* [Task statement]: Out of the listing below, copy every line that carries the string "edificio".
Records: Begin
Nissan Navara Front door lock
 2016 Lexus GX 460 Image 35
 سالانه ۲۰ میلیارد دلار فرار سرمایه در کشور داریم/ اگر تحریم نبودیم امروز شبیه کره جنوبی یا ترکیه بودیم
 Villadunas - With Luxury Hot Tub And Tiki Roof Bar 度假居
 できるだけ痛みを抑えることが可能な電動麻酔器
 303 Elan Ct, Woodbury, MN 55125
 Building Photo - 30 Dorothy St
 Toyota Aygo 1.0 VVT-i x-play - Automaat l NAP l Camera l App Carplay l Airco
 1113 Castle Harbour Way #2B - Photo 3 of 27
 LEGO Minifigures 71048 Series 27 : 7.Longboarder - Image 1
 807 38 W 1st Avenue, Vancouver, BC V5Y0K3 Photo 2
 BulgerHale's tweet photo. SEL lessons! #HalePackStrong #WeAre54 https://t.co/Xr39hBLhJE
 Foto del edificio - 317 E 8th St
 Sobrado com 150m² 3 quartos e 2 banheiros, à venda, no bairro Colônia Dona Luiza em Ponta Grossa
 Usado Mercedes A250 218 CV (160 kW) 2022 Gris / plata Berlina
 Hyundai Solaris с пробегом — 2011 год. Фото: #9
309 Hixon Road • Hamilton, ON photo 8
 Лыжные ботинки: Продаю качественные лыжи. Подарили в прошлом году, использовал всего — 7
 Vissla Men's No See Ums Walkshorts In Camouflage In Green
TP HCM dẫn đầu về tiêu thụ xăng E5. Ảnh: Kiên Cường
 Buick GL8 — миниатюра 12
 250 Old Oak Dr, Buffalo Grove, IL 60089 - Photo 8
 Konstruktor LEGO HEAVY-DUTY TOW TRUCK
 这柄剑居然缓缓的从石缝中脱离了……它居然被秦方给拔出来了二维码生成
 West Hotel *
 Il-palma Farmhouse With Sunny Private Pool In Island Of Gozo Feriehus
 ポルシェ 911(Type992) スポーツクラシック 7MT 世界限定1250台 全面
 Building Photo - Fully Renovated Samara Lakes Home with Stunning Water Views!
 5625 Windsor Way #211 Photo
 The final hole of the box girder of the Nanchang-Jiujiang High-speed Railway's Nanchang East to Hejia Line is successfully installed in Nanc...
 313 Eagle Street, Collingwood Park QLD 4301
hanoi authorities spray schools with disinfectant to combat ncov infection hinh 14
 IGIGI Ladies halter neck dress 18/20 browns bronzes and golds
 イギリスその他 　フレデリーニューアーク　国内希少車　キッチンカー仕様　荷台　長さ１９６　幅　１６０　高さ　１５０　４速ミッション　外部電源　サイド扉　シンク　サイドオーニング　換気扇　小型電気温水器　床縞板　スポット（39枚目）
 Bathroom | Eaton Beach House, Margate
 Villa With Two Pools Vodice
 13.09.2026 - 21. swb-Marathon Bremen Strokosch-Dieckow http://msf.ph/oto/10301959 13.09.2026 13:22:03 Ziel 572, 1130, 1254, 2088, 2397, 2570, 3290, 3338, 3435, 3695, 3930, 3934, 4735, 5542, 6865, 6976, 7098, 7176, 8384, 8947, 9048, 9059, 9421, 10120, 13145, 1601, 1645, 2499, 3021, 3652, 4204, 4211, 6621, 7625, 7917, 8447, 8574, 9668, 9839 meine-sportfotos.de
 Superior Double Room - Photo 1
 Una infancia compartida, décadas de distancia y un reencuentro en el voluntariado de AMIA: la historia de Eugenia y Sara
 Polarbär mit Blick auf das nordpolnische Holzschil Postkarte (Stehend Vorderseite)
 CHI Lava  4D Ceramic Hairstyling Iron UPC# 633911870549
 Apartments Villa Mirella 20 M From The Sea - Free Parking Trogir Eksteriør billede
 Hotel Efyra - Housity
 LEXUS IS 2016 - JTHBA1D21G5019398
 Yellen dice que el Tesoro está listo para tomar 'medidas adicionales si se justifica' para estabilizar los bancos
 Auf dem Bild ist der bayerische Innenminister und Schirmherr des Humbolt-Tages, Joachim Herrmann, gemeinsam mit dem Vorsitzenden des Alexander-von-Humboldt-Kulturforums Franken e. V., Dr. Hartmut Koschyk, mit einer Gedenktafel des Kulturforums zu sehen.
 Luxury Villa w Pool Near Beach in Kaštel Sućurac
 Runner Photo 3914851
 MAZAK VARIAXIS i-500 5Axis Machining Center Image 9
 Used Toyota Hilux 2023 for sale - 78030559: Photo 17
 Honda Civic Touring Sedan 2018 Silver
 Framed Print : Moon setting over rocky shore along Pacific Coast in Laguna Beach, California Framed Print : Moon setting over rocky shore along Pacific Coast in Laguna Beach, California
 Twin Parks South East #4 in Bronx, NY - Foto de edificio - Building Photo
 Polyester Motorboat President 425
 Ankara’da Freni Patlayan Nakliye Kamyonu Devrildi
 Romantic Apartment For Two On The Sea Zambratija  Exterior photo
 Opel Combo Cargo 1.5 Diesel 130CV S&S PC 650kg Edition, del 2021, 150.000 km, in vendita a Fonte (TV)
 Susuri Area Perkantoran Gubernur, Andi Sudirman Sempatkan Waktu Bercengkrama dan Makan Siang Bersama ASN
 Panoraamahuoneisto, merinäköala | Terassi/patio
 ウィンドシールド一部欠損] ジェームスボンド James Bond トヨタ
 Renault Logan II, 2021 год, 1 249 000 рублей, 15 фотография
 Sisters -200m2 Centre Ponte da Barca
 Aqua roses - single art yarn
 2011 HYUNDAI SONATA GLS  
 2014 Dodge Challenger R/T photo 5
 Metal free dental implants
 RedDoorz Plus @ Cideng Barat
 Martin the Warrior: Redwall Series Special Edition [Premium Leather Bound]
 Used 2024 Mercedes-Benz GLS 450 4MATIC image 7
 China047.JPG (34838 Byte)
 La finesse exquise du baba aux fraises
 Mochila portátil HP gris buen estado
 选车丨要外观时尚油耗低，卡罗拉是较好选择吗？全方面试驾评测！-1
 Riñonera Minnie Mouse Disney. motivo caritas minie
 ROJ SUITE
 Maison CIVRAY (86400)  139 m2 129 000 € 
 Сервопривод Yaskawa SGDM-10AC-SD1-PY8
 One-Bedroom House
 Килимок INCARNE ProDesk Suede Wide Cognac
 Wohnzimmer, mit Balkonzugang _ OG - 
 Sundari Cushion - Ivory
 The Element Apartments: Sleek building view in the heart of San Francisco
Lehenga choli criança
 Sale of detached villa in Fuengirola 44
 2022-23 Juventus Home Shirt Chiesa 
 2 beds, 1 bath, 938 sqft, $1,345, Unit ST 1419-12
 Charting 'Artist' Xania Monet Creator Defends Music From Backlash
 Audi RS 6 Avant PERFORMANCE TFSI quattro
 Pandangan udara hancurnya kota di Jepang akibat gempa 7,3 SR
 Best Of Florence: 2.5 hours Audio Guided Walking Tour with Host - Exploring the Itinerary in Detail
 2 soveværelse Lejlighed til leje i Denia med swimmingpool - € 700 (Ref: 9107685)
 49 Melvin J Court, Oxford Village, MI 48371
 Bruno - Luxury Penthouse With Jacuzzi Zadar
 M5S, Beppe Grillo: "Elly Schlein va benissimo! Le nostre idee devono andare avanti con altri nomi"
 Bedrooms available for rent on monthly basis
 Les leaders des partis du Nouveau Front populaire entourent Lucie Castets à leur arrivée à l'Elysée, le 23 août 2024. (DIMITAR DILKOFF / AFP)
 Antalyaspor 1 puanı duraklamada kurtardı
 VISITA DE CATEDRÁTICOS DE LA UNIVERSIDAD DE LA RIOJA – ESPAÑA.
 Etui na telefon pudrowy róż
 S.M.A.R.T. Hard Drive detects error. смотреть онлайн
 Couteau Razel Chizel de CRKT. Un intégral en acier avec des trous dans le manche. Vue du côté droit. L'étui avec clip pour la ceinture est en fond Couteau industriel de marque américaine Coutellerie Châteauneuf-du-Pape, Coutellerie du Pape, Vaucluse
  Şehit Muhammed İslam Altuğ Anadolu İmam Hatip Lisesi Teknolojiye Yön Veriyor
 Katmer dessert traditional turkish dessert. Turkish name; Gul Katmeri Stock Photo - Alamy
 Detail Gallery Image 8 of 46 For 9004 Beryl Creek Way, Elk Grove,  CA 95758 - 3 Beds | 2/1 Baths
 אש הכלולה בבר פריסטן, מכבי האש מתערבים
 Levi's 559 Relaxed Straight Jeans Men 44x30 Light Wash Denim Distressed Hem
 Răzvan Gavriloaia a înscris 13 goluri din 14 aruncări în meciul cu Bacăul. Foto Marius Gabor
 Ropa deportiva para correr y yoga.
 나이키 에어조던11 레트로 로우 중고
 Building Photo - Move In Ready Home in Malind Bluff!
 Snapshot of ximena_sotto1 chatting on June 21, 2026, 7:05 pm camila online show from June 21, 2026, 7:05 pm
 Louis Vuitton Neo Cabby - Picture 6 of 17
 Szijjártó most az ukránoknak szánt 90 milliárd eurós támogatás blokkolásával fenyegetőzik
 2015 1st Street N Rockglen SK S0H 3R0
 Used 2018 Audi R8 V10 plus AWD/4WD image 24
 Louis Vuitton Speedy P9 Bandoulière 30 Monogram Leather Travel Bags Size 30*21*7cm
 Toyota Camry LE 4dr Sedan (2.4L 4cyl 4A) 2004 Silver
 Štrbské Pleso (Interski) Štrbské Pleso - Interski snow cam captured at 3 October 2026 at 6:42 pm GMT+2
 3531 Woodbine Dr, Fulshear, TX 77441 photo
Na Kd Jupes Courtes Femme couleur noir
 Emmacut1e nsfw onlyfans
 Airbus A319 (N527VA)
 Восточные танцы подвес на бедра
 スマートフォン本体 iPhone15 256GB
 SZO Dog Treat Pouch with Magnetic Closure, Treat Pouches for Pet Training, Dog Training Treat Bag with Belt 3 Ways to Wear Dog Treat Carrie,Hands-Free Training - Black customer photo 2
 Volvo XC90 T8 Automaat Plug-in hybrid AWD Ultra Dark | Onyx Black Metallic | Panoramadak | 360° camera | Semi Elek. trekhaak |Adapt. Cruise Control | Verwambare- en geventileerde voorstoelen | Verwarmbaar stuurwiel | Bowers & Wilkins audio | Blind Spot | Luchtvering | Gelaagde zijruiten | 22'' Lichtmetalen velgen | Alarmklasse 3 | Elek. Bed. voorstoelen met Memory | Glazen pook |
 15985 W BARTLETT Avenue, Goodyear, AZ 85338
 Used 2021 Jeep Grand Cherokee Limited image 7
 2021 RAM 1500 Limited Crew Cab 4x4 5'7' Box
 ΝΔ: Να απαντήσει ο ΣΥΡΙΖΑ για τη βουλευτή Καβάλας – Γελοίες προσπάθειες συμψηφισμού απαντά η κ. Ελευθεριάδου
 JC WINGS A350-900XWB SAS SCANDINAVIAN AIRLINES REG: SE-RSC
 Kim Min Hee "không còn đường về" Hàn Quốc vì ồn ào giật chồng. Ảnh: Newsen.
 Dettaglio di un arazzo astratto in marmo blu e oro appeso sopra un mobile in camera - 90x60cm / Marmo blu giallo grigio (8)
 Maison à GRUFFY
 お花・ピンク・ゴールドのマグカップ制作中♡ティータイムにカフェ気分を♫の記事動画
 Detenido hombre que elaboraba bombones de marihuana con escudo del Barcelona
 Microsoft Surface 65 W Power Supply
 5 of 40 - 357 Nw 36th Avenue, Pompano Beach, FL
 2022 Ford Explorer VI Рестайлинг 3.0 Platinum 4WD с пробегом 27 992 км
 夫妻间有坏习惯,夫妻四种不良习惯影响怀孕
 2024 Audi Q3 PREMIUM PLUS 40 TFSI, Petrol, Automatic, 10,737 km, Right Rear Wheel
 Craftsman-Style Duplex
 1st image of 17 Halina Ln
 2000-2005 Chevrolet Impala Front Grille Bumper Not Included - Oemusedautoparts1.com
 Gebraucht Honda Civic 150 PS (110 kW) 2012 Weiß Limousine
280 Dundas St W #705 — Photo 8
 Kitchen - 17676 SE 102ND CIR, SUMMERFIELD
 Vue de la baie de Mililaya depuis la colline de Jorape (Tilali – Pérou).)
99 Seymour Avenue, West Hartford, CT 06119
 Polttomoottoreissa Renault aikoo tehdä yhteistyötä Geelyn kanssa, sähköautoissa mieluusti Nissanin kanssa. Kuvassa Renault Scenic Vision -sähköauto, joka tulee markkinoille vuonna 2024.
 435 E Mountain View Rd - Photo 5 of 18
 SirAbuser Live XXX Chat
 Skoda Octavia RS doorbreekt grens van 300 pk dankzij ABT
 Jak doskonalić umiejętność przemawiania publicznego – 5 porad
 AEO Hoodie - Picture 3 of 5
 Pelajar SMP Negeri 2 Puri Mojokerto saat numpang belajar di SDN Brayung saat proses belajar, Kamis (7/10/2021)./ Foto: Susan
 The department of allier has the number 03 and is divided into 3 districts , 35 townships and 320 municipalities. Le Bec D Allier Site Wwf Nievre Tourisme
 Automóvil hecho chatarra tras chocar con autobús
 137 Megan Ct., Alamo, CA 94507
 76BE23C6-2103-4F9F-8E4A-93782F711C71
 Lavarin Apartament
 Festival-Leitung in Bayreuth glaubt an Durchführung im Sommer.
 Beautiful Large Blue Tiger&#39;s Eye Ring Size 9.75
Records: End
* [Solution for this task]:
 Foto del edificio - 317 E 8th St
 Twin Parks South East #4 in Bronx, NY - Foto de edificio - Building Photo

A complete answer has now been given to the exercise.